Clifford Linedecker is an American investigative journalist and author of true crime books.

Biography

Linedecker was born in Plymouth, Indiana and graduated from Plymouth High School in 1950.  He wrote for the high school paper.  He joined the Navy in 1952, and found himself stationed on a small island where some officers decided to address a problem with low morale by assigning Linedecker and four other men to start a newspaper.

Linedecker met and married Yang Soon (Junko) Ri in 1957, while stationed in Yokohama, Japan.

He and his wife retired to Lantana, Florida.

Career

Linedecker's first job was as a reporter for the LaPorte Herald-Argus in La Porte, Indiana.  He later worked for many years as an editor at the National Examiner.  He worked for a series of newspapers, including the Terre Haute Tribune, The Times in Hammond, the Fort Wayne News-Sentinel, the Times-Union in Rochester, N.Y., and The Philadelphia Inquirer.

Linedecker's first published book was Psychic Spy, one of three books he wrote before taking up true crime writing. the three included the bestseller, My Live with Elvis, co-authored with Elvis Presley's former secretary.

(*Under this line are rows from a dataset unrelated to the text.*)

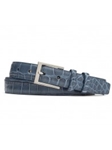 Blue Embossed Crocodile With Shiny Nickle Buckle Belt | W.Kleinberg Belts Collection | Sam's Tailoring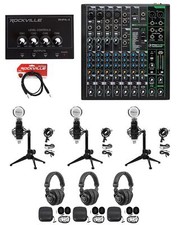 3-Person Podcast Podcasting Recording Kit w/Mackie ProFX10 v3 Mixer+Desk Stands picture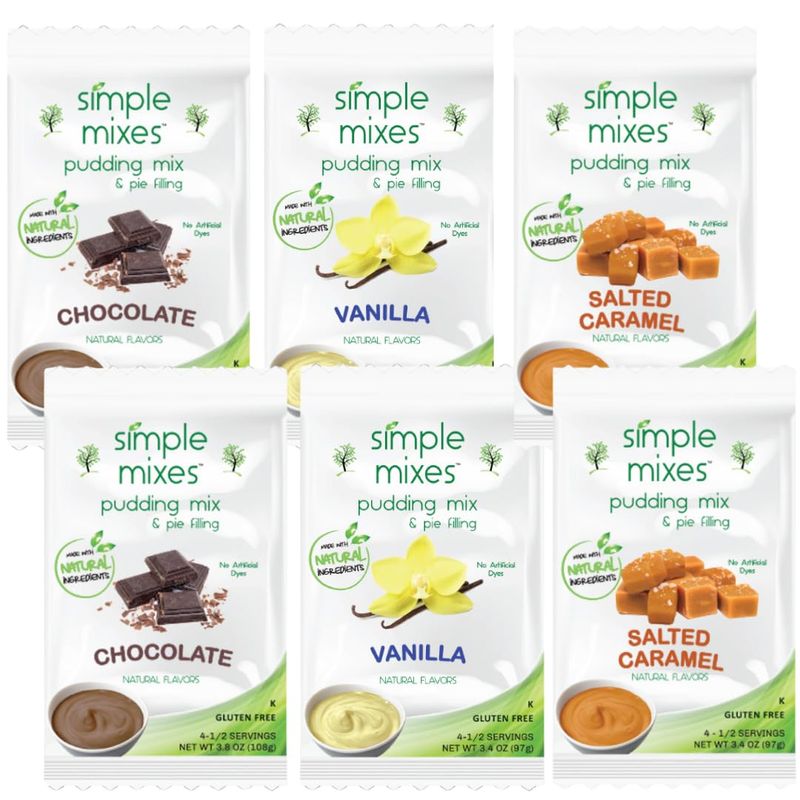 Simple Mixes Natural Instant Pudding Variety Pack, 2 Each: Chocolate, Vanilla &amp; Butterscotch, 6 Pack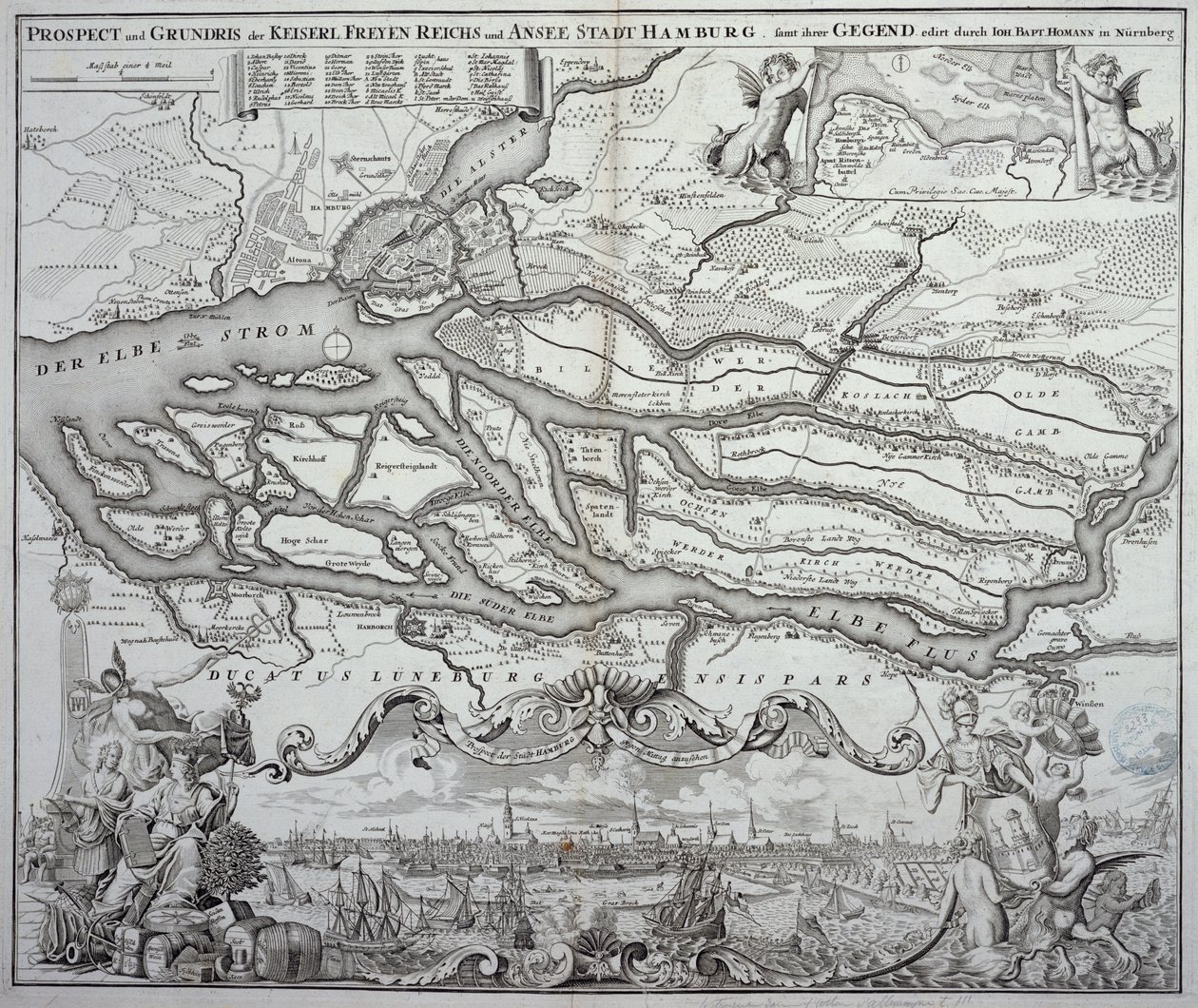 Mapa de Hamburgo e arredores, publicado em Nuremberg de German School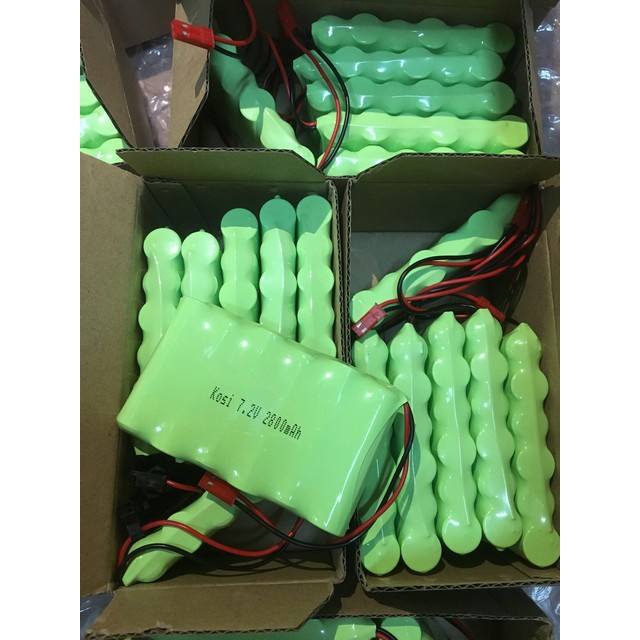 Pin dung lượng cao Kosi 4.8V 6V 7.2V 2800mAh giắc SM JST - pin NI-MH NI-CD jack cắm dẹt cho xe ô tô điều khiển từ xa RC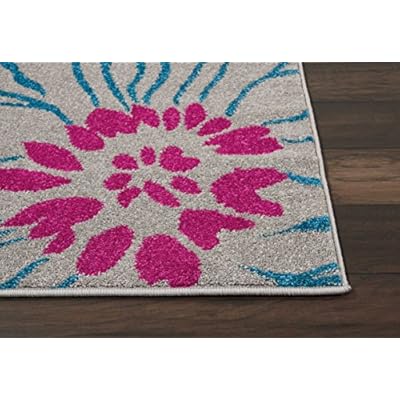Nourison Passion Grey 6'7" x 9'6" Area Rug, Floral, Farmhouse, Easy Cleaning, Non Shedding, Bed Room, Living Room, Dining Room, Kitchen, (7' x 10') 51OL2tQh2sL. SS400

His first true crime book was The Man Who Killed Boys, an account of serial killer John Wayne Gacy, was published in 1980.

Books

True Crime Books
The Man Who Killed Boys. 1980.
Night Stalker. 1991.
Smooth Operator: The True Story of Seductive Serial Killer Glen Rogers. New York: St. Martin's Paperbacks. 1997.
Babyface Killers: Horrifying True Stories of America's Youngest Murderers. 1999.

Other books
My Life with Elvis, co-authored with Becky Yancey.